Sofern eine Nichtanwendung des IFRS 16 keine wesentliche(n) Auswirkung(en) auf die Darstellung der VFE-Lage hat, kann auf eine Anwendung des IFRS 16 verzichtet werden (vgl. IFRS 16.BC85 i. V. m. IAS 1.7 (IAS 8.5 i. d. F. des ED/2019/7) sowie IAS 1.31 (ED/2019/7.24); ferner RK.2.11 (2018); grundlegend zu den Voraussetzungen sodann Fehrenbach/Schulte, BB 2018, S. 1516ff.; Findeisen/Adolph, KoR 2018, S. 313f.).
2. Vereinfachungen
Rn. 118
Stand: EL 40 – ET: 09/2023
Zur Vermeidung von unverhältnismäßig hohen Kosten der Nutzungsrechtsbilanzierung lässt IFRS 16 wahlweise verschiedene Erleichterungen zu. Bei Leasingverhältnissen mit einer Laufzeit von höchstens zwölf Monaten (short-term leases) dürfen Leasingnehmer ein Wahlrecht ausüben (vgl. IFRS 16.5(a)): Sie brauchen die Vermögenswerte nicht in der Bilanz auszuweisen, sondern können diese Verträge analog dem bisherigen Leasingstandard (vgl. IAS 17) als Operating-Leasing behandeln, d. h. als schwebende Geschäfte, und die einzelnen Leasingraten direkt als Aufwand erfassen (vgl.
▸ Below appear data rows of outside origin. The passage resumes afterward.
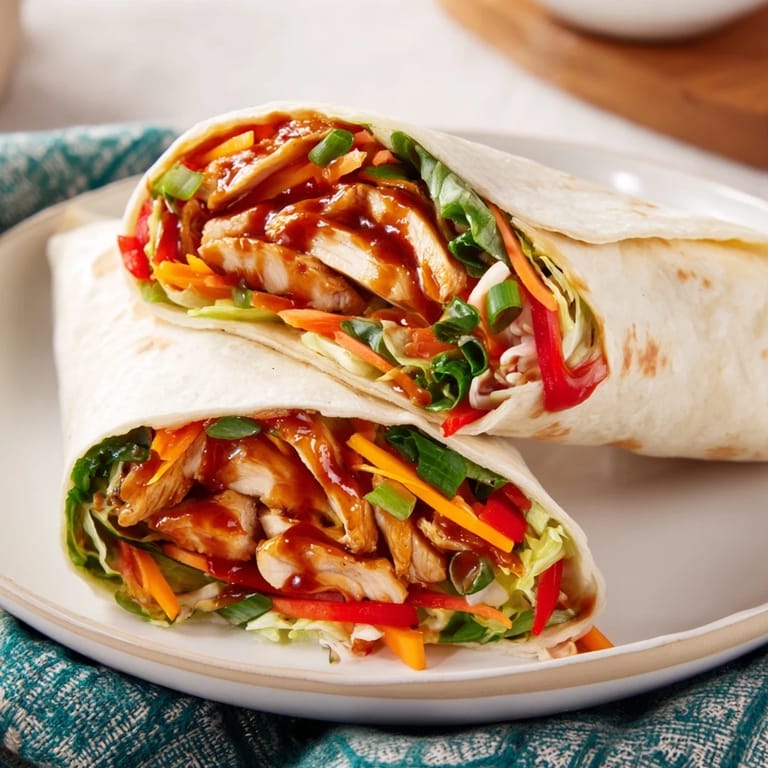 Close-up of a flavorful teriyaki chicken wrap, showcasing its layered textures and vibrant fillings.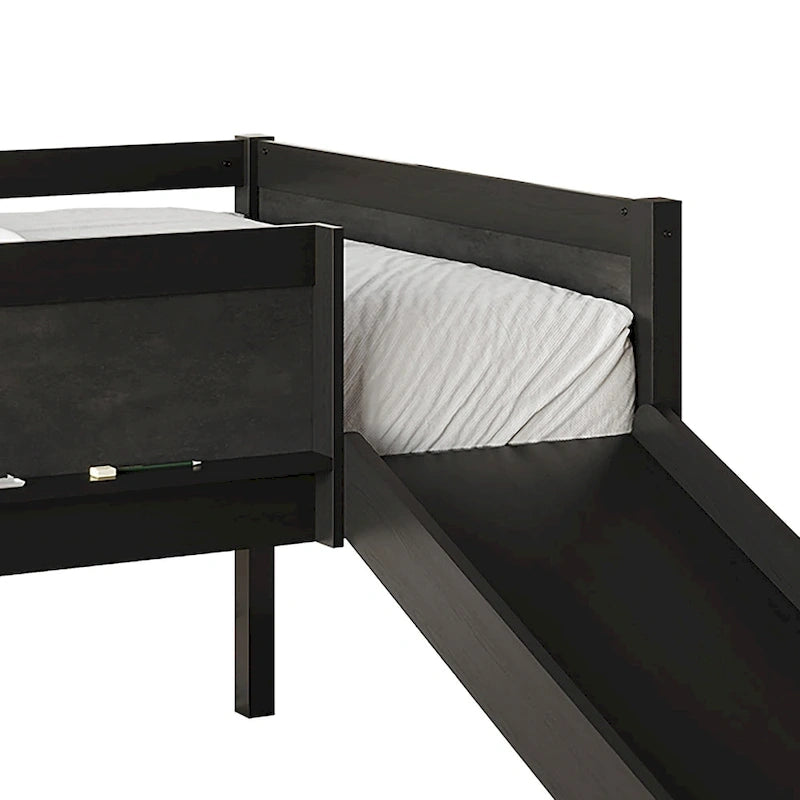 CraftPorch Classic Twin Low Loft Bed with Chalkboard, Slide and Ladder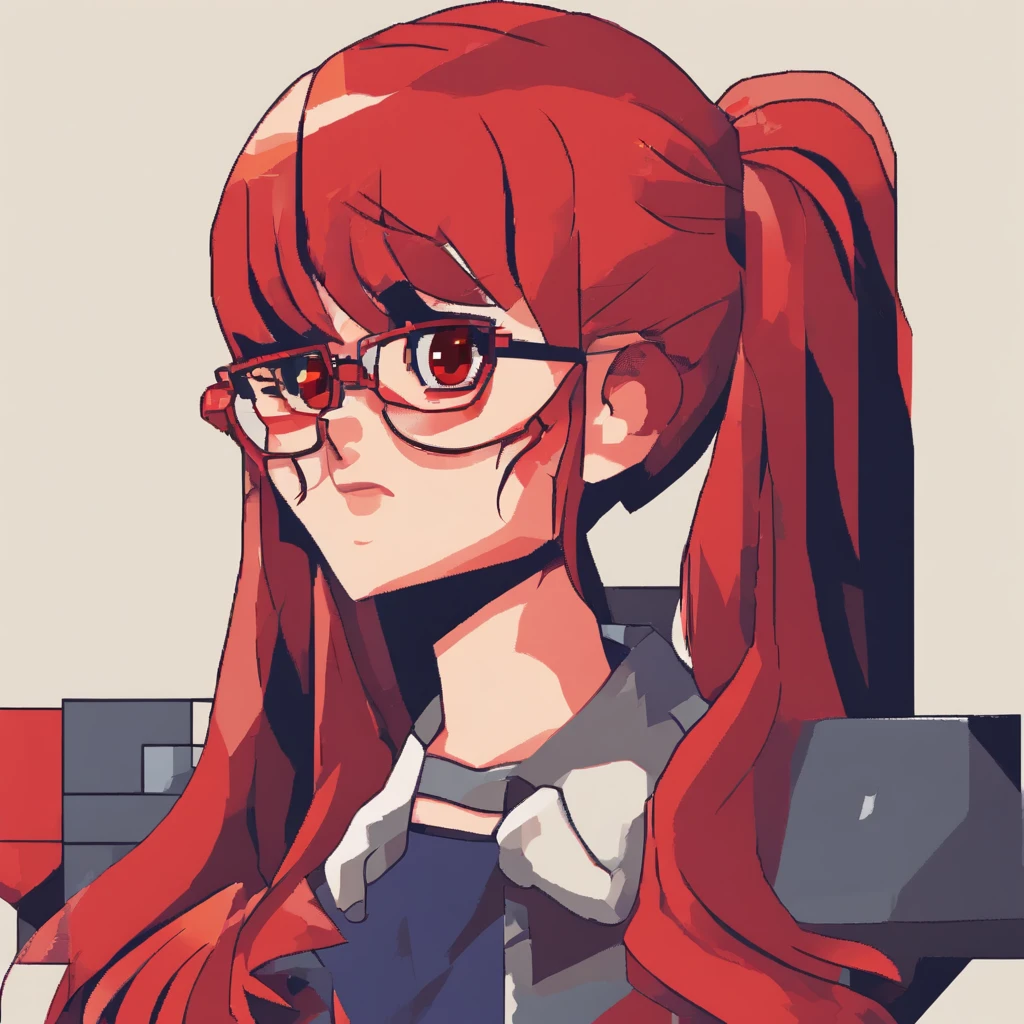 1girl,((red-framed)) (under-rim) glasses, 
red eyes,, (side swept bangs:1.8), asymmetrical bangs,red hair, [[[short]]] hair,simple background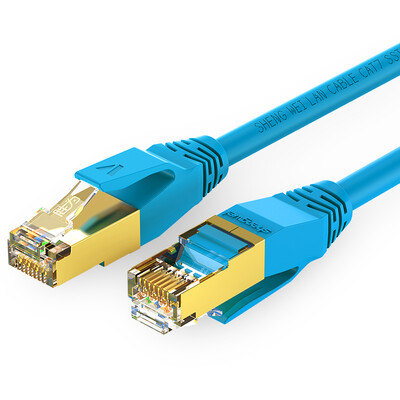 

Wins shengwei LC-7030C engineering grade 7 network cable Cat7 flame retardant plus seven types of shielded twisted pair 3 m blue 10G finished high-speed computer broadband cable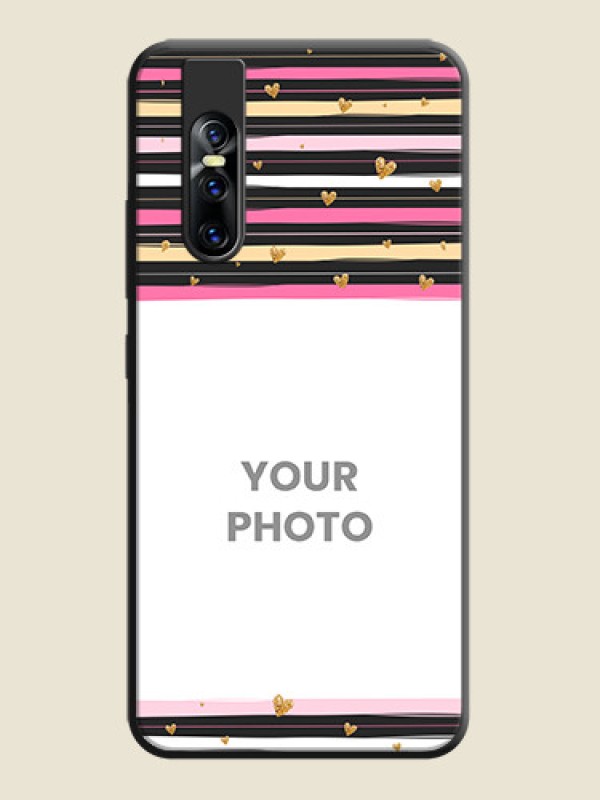 Custom Multicolor Lines and Golden Love Symbols Design - Photo on Space Black Soft Matte Mobile Cover - Vivo V15 Pro - alternate view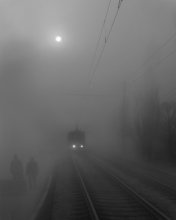 Объятия тумана / Плотный утренний туман обнимает все и всех, впускает в себя и отпускает после вязкого плена, делая момент нереальным...солнце похоже на луну, люди похожи на тени....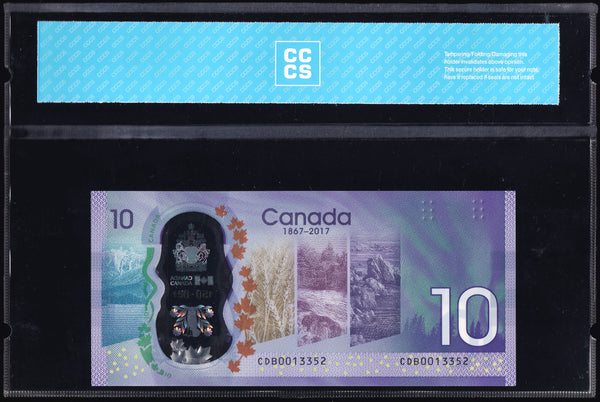 2017 Bank of Canada $10 in CCCS Gem UNC-67 Original (BC-75)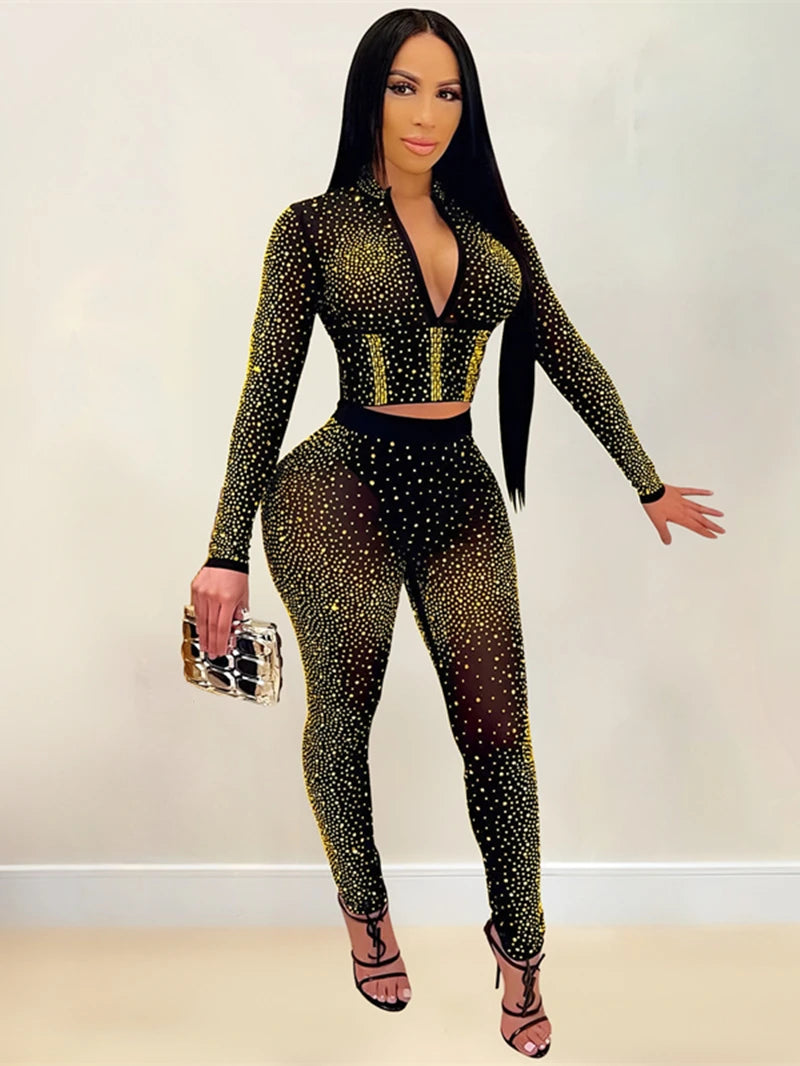 Hot Rhinestone Mesh See Through Tracksuit Women Two 2 Piece Set Outfits Spring Clothes Zip Crop Top and Legging Pants Suits Sets
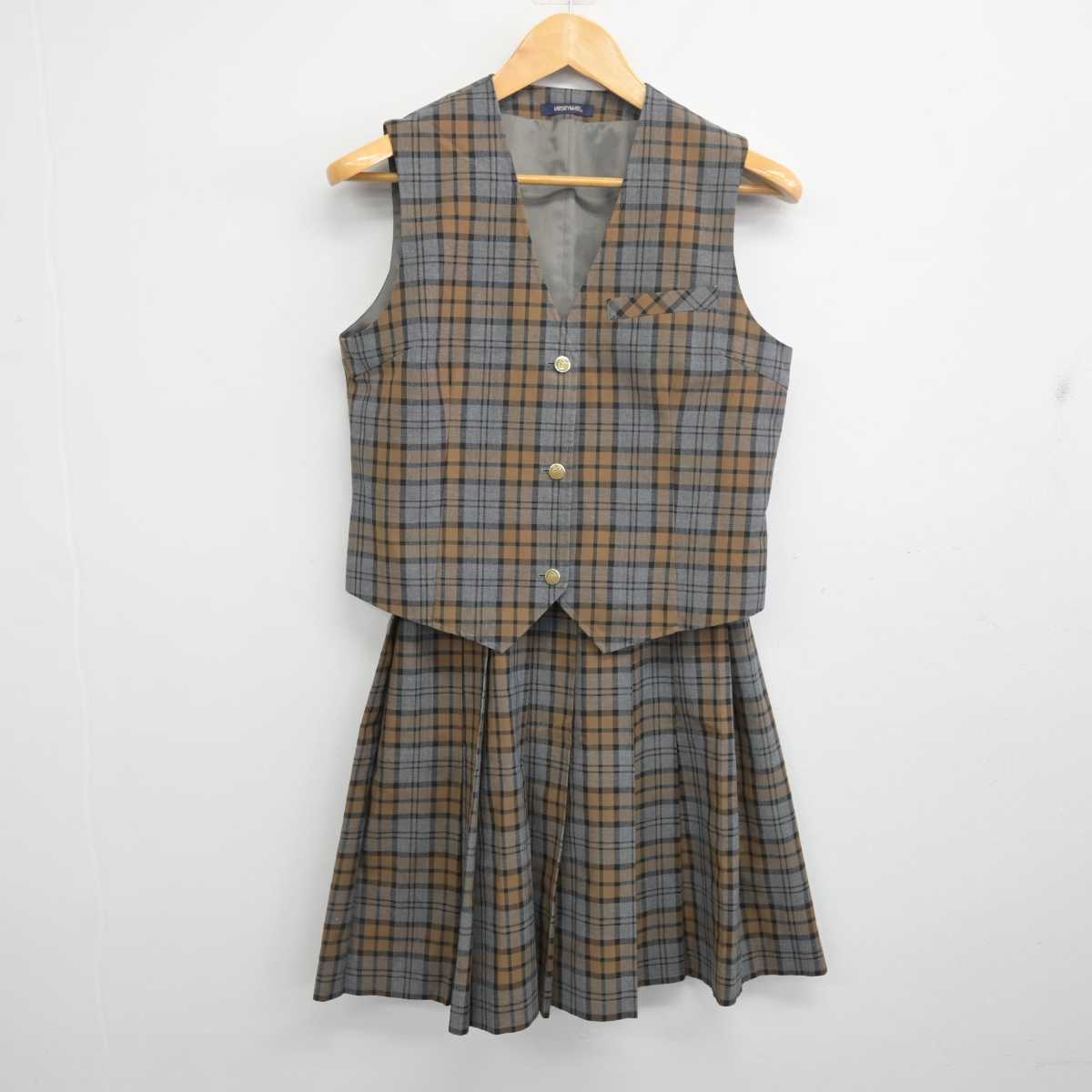 【中古】埼玉県 所沢中学校 女子制服 3点 (ベスト・スカート・スカート) sf077419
IFRS 16.6). Das Wahlrecht muss auf Basis von Vermögenswertklassen einheitlich ausgeübt werden (vgl. IFRS 16.8). Zu beachten ist, dass die Max.-Laufzeit auch evtl. Verlängerungsoptionen beinhaltet, sofern deren Ausübung hinreichend sicher ist (vgl. IFRS 16.BC93). Eine Kaufoption schließt den Gedanken der kurzfristigen Nutzung und damit das Wahlrecht aus (vgl. IFRS 16 Appendix A).
Rn. 119
Stand: EL 40 – ET: 09/2023
Ein weiteres – für die Praxis sehr bedeutendes – Vereinfachungswahlrecht hat der Leasingnehmer bei Leasingverhältnissen mit Objekten von geringem Wert (leases of low-value assets). Die Leasingraten für geringwertige Leasingobjekte können ebenfalls ohne Ansatz in der Bilanz als Operating-Leasing direkt im Aufwand erfasst und linear oder nach einer anderen systematischen Methode über die Laufzeit verteilt werden (vgl. IFRS 16.5(b); IFRS 16.6). Was unter Objekten mit geringem Wert zu verstehen ist, wird im Leasingstandard selbst nur qualitativ, aber nicht quantitativ definiert. Als Beispiele wertmäßig nicht bedeutender Vermögenswerte werden Laptops, PC, Fotokopiergeräte, kleinere Büromöbel und Telefone genannt; nicht dazu zu rechnen sind z. B. Pkw, Lkw, Gebäude und IT-Server (vgl. IFRS 16.B8; IFRS 16.IE11). Zur Vermeidung von Missbrauch müssen die geringwertigen Vermögenswerte dabei einzeln oder zusammen mit anderen Ressourcen nutzbar sein und dürfen weder von anderen Vermögenswerten abhängig noch eng mit diesen verbunden sein (vgl. IFRS16.B5). Der Standardsetzer gibt in IFRS 16.BC100 als Anhaltspunkt für eine Wertobergrenze einen Betrag von 5.000 USD für den Neupreis (Stand: 2015) an. Bei dieser Größe handelt es sich allerdings nur um eine unverbindliche Richtschnur, die an länder- und branchenspezifische Gegebenheiten sowie im Zeitablauf an geänderte Fakten und Umstände, wie z. B. Inflation, anzupasse...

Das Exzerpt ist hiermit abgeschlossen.